There are currently only two therapies for ALS approved by the FDA: riluzole, which made Harrell feel sicker, and only extends life by two to four months; and Radicava (edaravone), which is not approved for use in Europe. Currently, he uses neither, and thinks there are more promising options in development. He wants the FDA to change drug trial rules to account for how quickly the disease progresses, as well as the diversity of ALS. Many patients become so sick that they are unable to take part in trials, making it hard for studies to reach FDA mandates on trial sample size.
“This generation of people with ALS are not going to be content raising money for the ice bucket challenge while they are dying waiting for access to drugs that work now,” he says. “If we knew more about ALS, then we could target therapies to the subtypes. Ironically, one of the best ways to learn about these subtypes would be to approve drugs that work for some and then study why they work for some but not others with ALS. That would also be the humane thing to do.”
One day too soon, it is likely ALS will force Harrell to stop his campaigning. At the start of our interviews in spring this year, Harrell could only speak in a staccato version of our first conversation in 2019, when his limp was starting to develop. Now, he is about to start learning to use Eyegaze—eye-tracking software—that will help him speak though a computer at a maximum of 20 words a minute. A side-effect of ALS known as PBA—pseudobulbar affect—means that Harrell sometimes loses control when he laughs or cries, frightening his daughter during quiet hugs and tender moments when the sadness breaks through. As she has gotten older, she has been better able to understand his condition and wants to help care for him.

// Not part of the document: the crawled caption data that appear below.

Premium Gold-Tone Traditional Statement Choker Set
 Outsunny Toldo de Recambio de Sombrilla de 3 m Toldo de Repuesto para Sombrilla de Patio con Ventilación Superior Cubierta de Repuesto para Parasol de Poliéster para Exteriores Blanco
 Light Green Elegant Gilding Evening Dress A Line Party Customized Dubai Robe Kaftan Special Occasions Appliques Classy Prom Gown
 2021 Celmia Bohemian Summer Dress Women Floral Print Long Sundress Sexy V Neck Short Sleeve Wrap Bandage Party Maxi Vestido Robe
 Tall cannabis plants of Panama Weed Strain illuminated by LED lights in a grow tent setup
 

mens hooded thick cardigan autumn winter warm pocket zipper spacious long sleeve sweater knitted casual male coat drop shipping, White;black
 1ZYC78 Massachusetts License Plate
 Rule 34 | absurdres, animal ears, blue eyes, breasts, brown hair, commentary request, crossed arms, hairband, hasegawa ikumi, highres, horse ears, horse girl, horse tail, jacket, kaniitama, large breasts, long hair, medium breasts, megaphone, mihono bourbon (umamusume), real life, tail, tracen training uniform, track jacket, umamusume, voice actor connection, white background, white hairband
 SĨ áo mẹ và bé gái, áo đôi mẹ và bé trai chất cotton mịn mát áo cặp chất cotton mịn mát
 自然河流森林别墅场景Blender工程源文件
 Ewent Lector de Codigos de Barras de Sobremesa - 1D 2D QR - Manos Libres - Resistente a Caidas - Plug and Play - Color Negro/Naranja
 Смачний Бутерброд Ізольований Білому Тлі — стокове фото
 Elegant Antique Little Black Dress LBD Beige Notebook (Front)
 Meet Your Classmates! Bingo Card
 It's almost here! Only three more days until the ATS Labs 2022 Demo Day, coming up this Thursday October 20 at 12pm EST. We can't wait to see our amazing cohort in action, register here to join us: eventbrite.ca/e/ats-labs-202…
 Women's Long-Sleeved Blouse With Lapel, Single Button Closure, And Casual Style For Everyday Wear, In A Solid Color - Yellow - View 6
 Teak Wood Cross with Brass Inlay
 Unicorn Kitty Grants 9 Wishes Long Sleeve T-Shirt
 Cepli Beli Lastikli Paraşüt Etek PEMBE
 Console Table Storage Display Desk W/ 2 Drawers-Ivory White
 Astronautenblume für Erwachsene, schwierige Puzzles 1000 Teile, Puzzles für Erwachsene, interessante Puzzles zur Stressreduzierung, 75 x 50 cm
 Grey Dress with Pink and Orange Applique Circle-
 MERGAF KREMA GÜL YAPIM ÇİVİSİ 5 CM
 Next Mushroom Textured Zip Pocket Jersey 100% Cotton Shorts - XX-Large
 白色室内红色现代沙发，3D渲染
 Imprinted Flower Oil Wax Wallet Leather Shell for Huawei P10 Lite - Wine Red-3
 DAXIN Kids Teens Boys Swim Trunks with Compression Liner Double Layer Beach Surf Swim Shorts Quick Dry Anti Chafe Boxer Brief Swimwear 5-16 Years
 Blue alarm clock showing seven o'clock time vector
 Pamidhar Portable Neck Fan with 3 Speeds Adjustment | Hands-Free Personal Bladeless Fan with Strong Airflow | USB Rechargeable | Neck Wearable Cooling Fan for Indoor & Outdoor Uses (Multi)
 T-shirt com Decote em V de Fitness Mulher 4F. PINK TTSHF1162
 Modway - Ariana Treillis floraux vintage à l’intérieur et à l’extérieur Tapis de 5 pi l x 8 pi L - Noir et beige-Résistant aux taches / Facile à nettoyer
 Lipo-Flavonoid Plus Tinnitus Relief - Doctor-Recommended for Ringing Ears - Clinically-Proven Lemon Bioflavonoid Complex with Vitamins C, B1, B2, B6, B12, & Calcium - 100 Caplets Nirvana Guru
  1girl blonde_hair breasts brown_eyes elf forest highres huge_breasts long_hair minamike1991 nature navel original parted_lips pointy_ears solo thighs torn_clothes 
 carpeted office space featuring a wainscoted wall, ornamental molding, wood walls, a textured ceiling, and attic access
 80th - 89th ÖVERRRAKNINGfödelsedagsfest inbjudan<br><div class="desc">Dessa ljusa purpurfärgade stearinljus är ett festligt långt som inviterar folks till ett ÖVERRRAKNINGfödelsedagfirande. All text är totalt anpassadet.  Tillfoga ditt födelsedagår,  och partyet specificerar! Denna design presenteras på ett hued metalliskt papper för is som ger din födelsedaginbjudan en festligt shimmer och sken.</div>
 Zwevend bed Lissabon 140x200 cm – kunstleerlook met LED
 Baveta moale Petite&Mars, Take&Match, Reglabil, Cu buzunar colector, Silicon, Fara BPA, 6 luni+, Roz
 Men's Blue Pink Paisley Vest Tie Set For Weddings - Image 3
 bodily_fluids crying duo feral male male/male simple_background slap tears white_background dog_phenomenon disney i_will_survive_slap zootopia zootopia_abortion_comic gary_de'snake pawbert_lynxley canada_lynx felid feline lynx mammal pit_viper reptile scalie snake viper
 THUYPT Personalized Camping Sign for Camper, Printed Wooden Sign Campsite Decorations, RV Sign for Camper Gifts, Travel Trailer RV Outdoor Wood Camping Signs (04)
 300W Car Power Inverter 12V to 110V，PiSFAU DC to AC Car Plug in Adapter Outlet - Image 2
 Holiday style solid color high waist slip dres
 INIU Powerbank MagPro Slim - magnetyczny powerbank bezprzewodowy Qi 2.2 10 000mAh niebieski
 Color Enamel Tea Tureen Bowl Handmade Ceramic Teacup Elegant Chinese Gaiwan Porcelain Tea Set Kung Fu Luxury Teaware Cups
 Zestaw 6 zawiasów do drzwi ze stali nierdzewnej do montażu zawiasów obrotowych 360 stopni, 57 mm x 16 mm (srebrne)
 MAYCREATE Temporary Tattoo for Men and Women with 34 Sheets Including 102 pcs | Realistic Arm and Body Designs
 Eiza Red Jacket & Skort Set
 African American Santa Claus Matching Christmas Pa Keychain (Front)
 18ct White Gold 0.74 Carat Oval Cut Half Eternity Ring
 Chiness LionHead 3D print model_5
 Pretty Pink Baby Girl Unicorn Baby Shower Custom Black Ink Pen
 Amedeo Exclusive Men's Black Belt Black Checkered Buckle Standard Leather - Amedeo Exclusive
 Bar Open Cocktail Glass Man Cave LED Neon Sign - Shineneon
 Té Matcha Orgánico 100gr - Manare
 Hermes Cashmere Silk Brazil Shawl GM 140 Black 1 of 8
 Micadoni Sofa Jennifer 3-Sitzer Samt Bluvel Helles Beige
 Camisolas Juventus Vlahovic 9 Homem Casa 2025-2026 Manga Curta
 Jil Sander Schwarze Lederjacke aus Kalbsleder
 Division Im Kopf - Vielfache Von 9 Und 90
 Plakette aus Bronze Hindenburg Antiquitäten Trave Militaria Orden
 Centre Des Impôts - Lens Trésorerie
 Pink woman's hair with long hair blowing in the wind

“A toddler is really good at keeping you in the moment, but we may be having a moment together and I think: ‘How many more of these might I have?’ I start to tear up and that’s confusing for her,” he says. “No kid should have to deal with that. I feel a deep sadness that, although this is unavoidable, it will certainly traumatize her. At the same time, [she is] a tremendous inspiration to live and live well.”